I think the best thing you can do to improve your spear fishing is practice.
Just like in shooting a rifle or a handgun, the more target practice you get, the better you are at hitting the target. With a spear gun, you generally only get one shot. By the time you re-cock, the fish is long gone if you missed, so making a good first shot is critical, but recocking underwater is hard and can be frustrating and a little dangerous in terms of entanglement, so practicing restringing your gun is very important.
When you're sitting down in front of the TV at night, you can practice re-stringing your gun. Of course, don't cock it inside your home (or on a boat for that matter) but you can practice re-stringing it over and over without recocking it. You will be surprised at how easily you get tangled up when you fire your gun for the first time underwater and then try to re-string it and recock it underwater. When there's even a little current, the string becomes hard to manage.
All newbies, and even experienced spearfishermen, in their haste to reload, forget to put the spear back through the bands. Once the spear is in place and restrung, you can't pull the bands over the spear point. If you forgot to load your gun properly in the first place, the bands will be under the gun instead of on top of the shaft. When this happens, you have no choice but to take the spear out and put it back through the bands.
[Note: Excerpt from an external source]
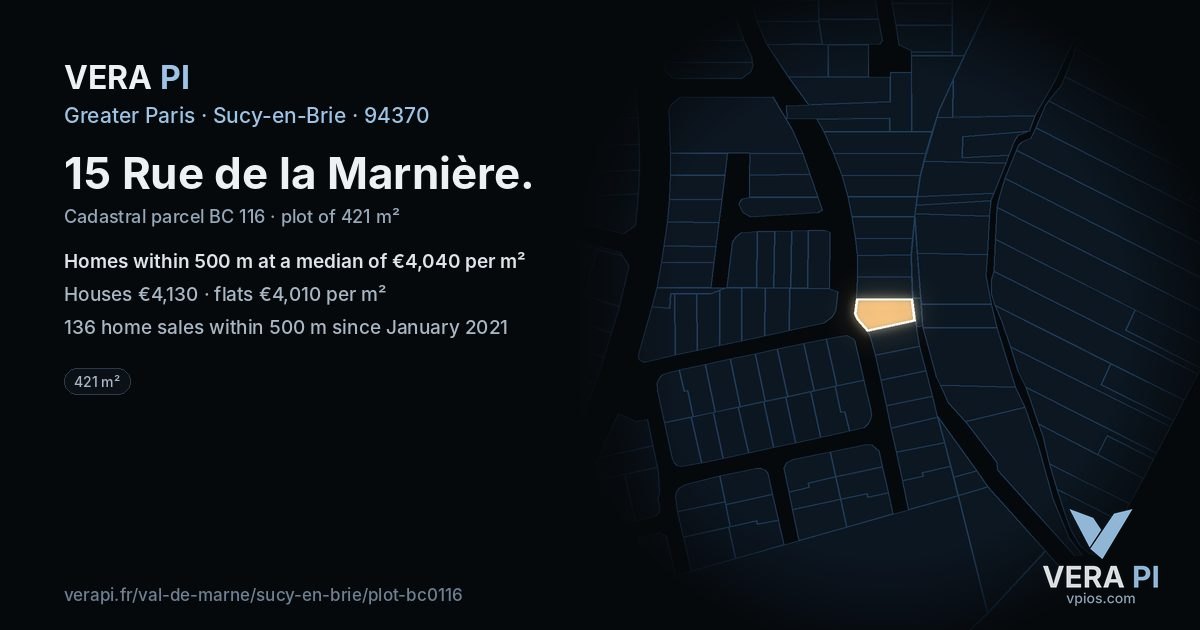 15 Rue de la Marnière, Sucy-en-Brie at night – the plot lit, the parcels around coloured by the prices near them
What I do to avoid this is hold the gun upside down, so that the bands are hanging down forming a "O" at the muzzel of the gun. Then put the spear shaft through the "O" formed by the bands as the gun is hanging upside down. By doing it this way, you will always be assured that the bands are in the right place when you're ready to cock.
To practice this technique at home, put your hand in the middle of the gun body and hold the gun in one hand, out from your body so that the gun is upside down and the bands form the "O." The upside down gun and your arm should form the letter "T."
As you're holding the gun with one hand, out from your body and upside down , use the other hand to put the spear butt through the "O" bands, through the muzzle and lock spear in breech by giving it a good tap in place. Put the safety down (the safety on the AB Biller is "on" when it is pointing down -- it is "off" when it is parallel with the spear). With the spear in place, and the gun still upside down, restring it.
With the gun still upside down, the string "catch" will be sticking up right over the trigger. Start looping the string around the trigger "catch" and back over muzzle catch. The rubber part of the string should be the in the last loop that you make because then you can stretch it to make the last loop fit over the trigger catch.
After the gun is strung, turn it over. When you turn the speargun over, the bands should fall in place, ready to be cocked.
I know this sounds complicated, but its not really. If you'll practice this routine until it becomes one fluid motion, you'll save yourself a lot of frustration and get more fish.
If you can find a place where you can practice shooting the gun, like a swimming pool, then you'll be ever further ahead of the learning curve.